## REQUIREMENT
Go to the line with "Borsa Christian Dior" in the entries below and write out every line from there through the line with "2024 John Deere 2680H Equipment Image0", exactly and without pictures.

## LISTED ENTRIES
───

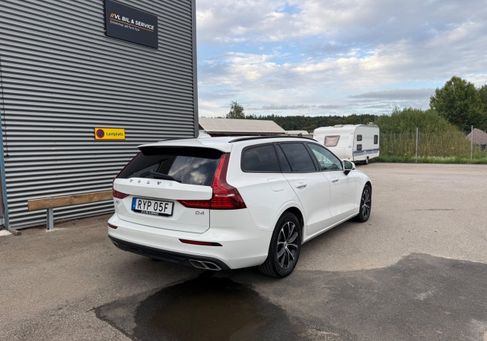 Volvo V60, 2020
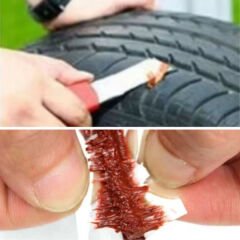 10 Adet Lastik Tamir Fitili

───

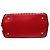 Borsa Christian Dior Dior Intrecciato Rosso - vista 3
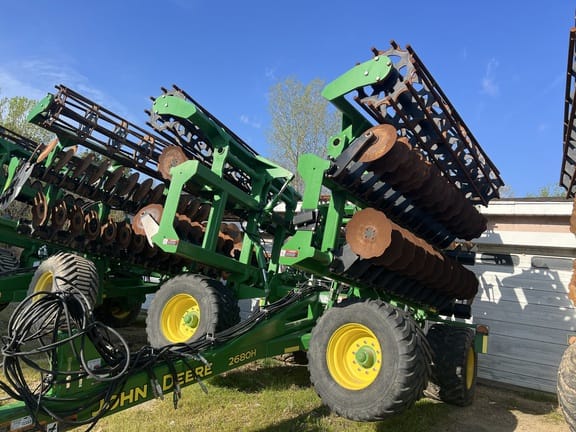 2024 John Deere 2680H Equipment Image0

───

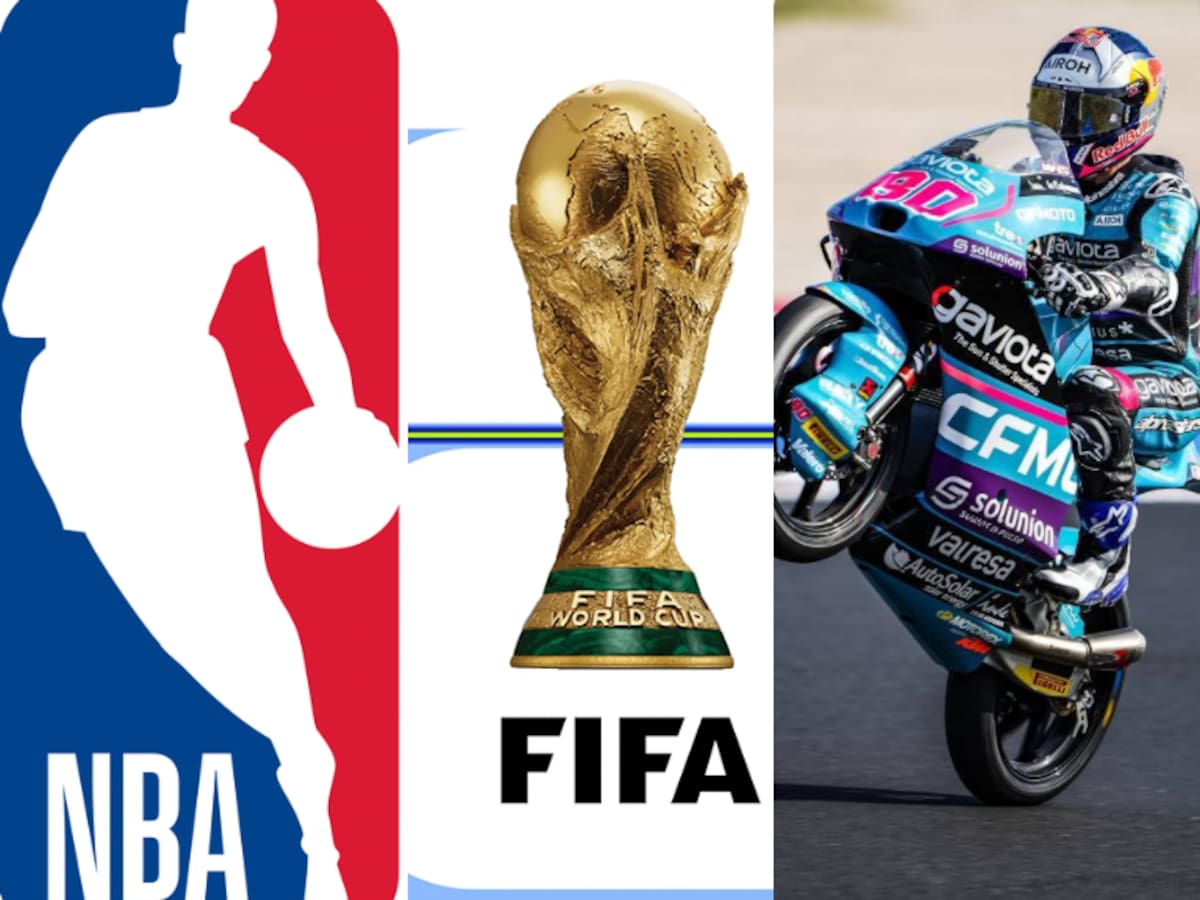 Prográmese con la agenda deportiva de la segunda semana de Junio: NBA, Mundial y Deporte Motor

───

## EXERCISE RESPONSE
 Borsa Christian Dior Dior Intrecciato Rosso - vista 3
 2024 John Deere 2680H Equipment Image0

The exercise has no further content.